В 1749 году мадам де Помпадур, понимая, что способный и энергичный молодой человек должен иметь полезное занятие, а не околачиваться при дворе, задумала послать его в Италию изучать искусство. Это был с ее стороны умный и незаурядный шаг, потому что в отличие от своих современников-англичан французы путешествовали мало. Де Круа говорит, что за всю свою жизнь знал только двоих людей из приличного общества, ездивших за границу ради удовольствия (хотя каждый художник, которому это удавалось, рано или поздно отправлялся в Италию).

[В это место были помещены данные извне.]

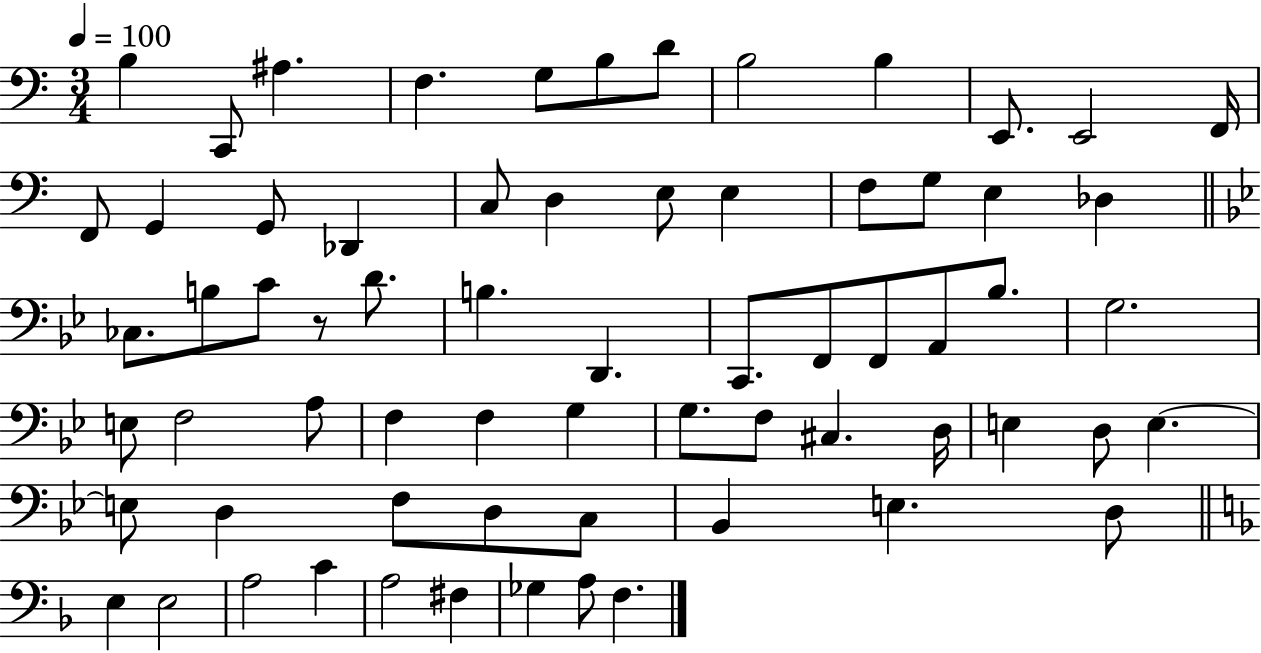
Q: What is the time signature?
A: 3/4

В качестве спутников для брата она выбрала художника и гравера Кошена, архитектора Суффло и аббата Леблана, знаменитого художественного критика. Четверка отправилась в путь, снабженная ее назиданиями, и каждая почта приносила им новые советы от маркизы.
«Не думайте, что если я молода, то мои советы нечего не стоят. Прожив здесь четыре с половиной года, я набралась опыта, как сорокалетняя женщина». Она просила его не подтрунивать над разными особами королевской крови, которых ему доведется повстречать, и уж во всяком случае не шутить в письмах, так как их почта будет непременно вскрываться. «Будь вежлив и мил со всеми», — вот смысл всех ее увещеваний. Писал сыну и Пауссон: «Слушайся сестру, она хоть и молода, но очень разумна». Мадам де Помпадур написала герцогу де Нивернэ, французскому послу в Риме, где он главным образом старался, чтобы сочинения французских авторов не попадали в папские проскрипционные списки — индексы. По какой-то неведомой причине она всегда называла герцога Нивернэ petit ёроих, что значит «муженек». «Мой брат выезжает примерно через полтора месяца, прошу Вас быть ему другом, он заслуживает этого со стороны всякого, кто ценит хорошие качества в людях... Он совсем не глуп, а излишне откровенен и до того правдив, что иногда кажется несимпатичным. Как ни странно, при дворе эта добродетель не ценится. Я и сама страдала от этого и приняла решение никогда никому не говорить правды до конца дней моих — надеюсь, что смогу выдержать. Мой брат едет с неким Суффло из Лиона, очень талантливым архитектором, Кошеном, которого Вы знаете, и, я думаю, с аббатом Лебланом. Доброй ночи, муженек».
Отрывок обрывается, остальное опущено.